This recipe is not only easy to prepare, it is very tasty and looks so great on a plate. Food Network to the rescue with this one! I hope the preamble does not put you off! Read labels!!! Ask questions.

Oven Roasted Cherry Tomatoes with Basil and Whitefish

Total Time: 30 min Prep: 5 min Cook: 25 min   Yield: 4 servings

Ingredients

  • 2 pints cherry tomatoes
  • 1/2 dozen baby peppers in a variety of colours tops only removed – (Costco sells these by the bag here).
  • 1 tablespoon extra-virgin olive oil
  • 12 to 15 garlic cloves, peeled
  • Coarse salt
  • Cracked black pepper
  • 1/2 cup loosely packed basil leaves, torn into halves and thirds 1 to 1 1/4 pounds white fleshed fish  [see note above]

Directions

Preheat oven to 425 degrees F.

In a 9 by 13-inch baking pan, combine tomatoes, peppers, oil, garlic, salt, pepper and 1/2 the basil. Roast for 15 minutes. Remove from oven, gently stir. Nestle fish in pan with tomatoes and peppers, place back in oven and continue roasting 7 to 10 minutes more or until fish is no longer translucent and tomatoes are just beginning to burst. Remove from oven. Divide fish among serving plates. Add remaining basil to tomatoes. Taste and adjust seasonings. Spoon over fish in equal portions.

 

 

 

Cherry Tomato Salad (Found on Annie’s Eats)

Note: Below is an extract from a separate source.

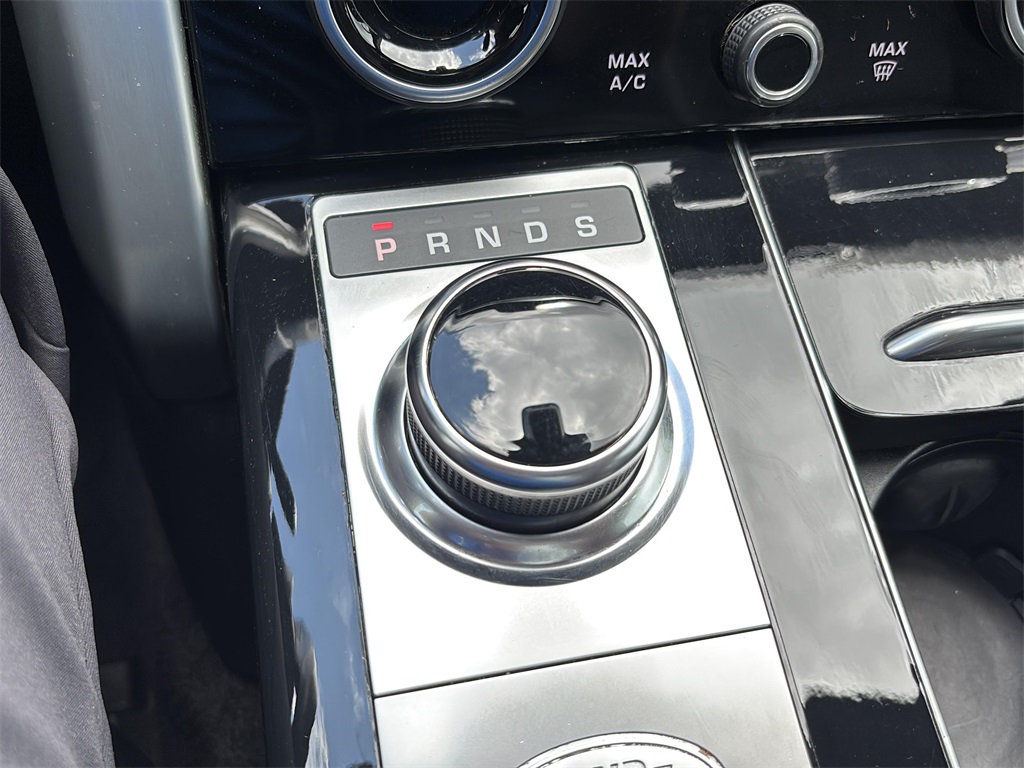 2019 Land Rover Range Rover SuperCharged photo 13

What happens when you buy too many cherry tomatoes at Costco? You get desperate to use them up…LOL. This salad was great!

Cherry Tomato Salad http://www.annies-eats.com/

2 pints ripe cherry tomatoes, quartered (about 4 cups)

1/4 teaspoon salt

1/2 teaspoon sugar

2 cloves of garlic minced

1/2 teaspoon dried oregano

1 medium shallot minced

1 tablespoon red wine vinegar

2 tablespoons extra virgin olive oil

ground black pepper

1 small cucumber, peeled, seeded and diced into 1/2 inch chunks

4 ounces crumbled goat cheese (about 1 cup)

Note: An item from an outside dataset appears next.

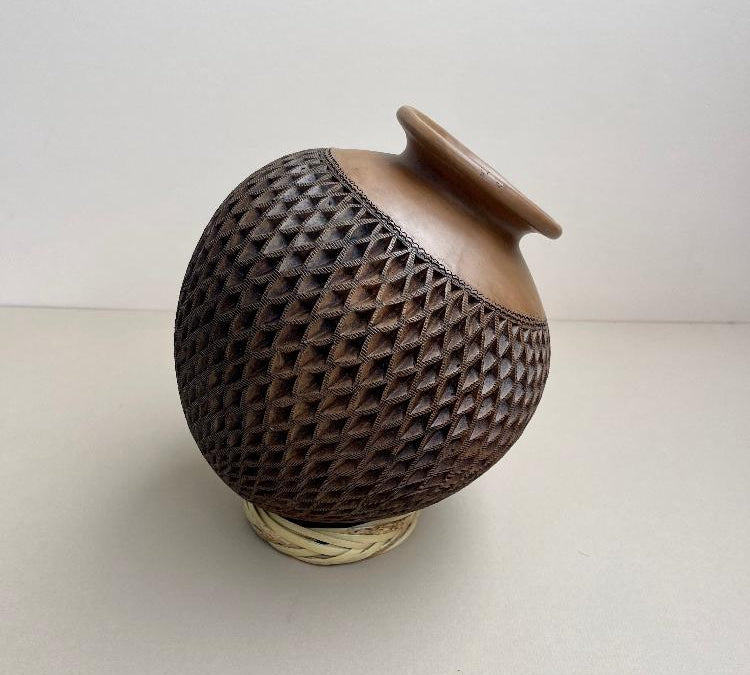 Oaxacan Acorn Diamond Ceramic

1-2 tablespoons parsley minced

Combine the tomatoes, salt and sugar in a medium bowl and toss. Let stand for 30 minutes. Transfer the mixture to a salad spinner and spin until the seeds and excess liquid have been removed (about one minute). SAVE 1/2 cup juice.

Return the tomatoes to the original bowl.

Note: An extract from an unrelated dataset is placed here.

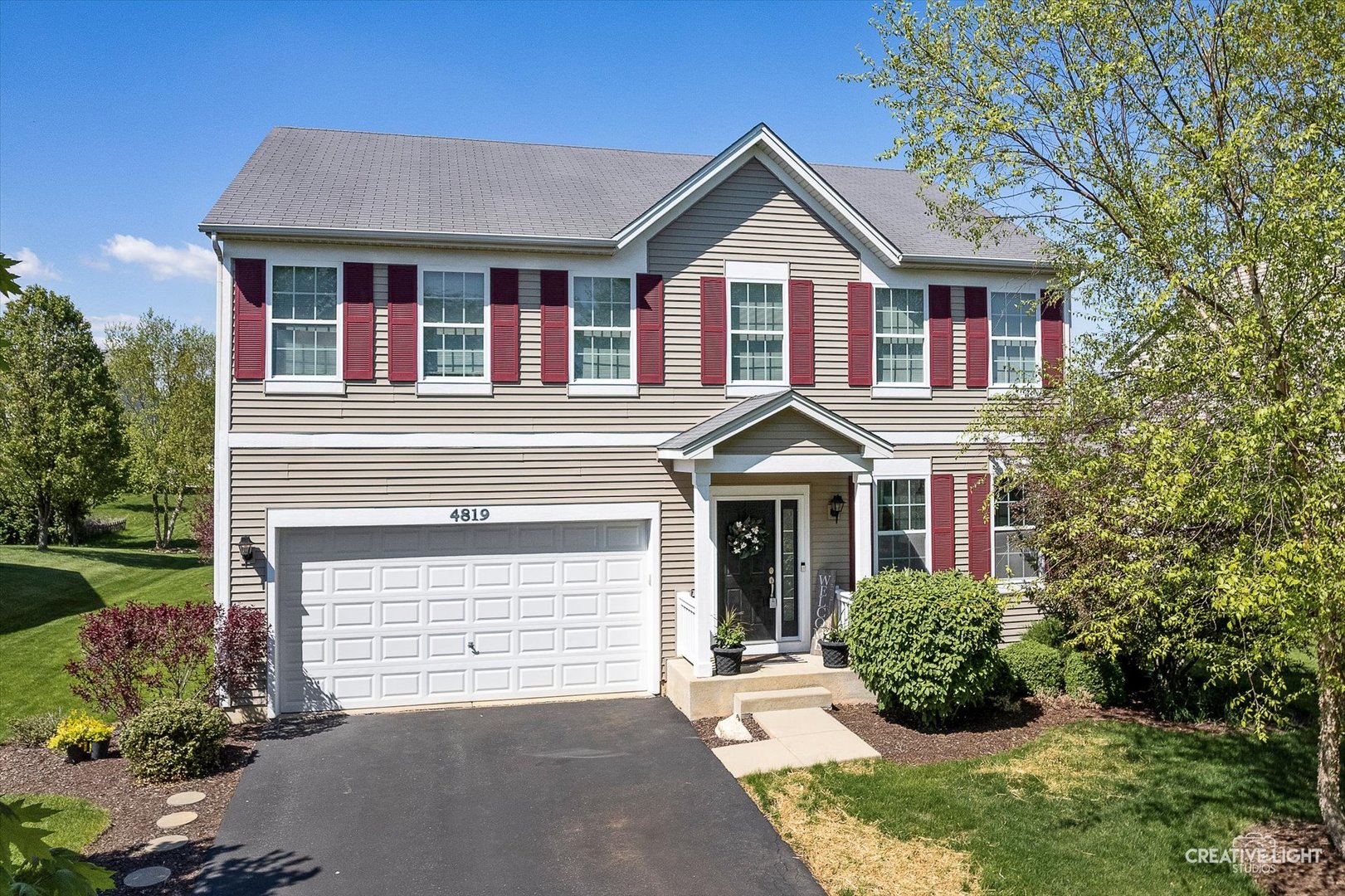 4819 Butler Street Oswego, IL 60543 - Photo 2 of 29 Gallery Image 2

Combine 1/2 cup of the liquid with garlic, oregano, shallot and vinegar in a small saucepan and set over medium heat. Simmer until mixture is reduced about 6 to 8 minutes. Remove from heat and let cool to room temperature. Whisk in the oil and season with pepper to taste.

Add the cucumber, goat cheese and parsley to the bowl of tomatoes. Toss with the dressing and serve.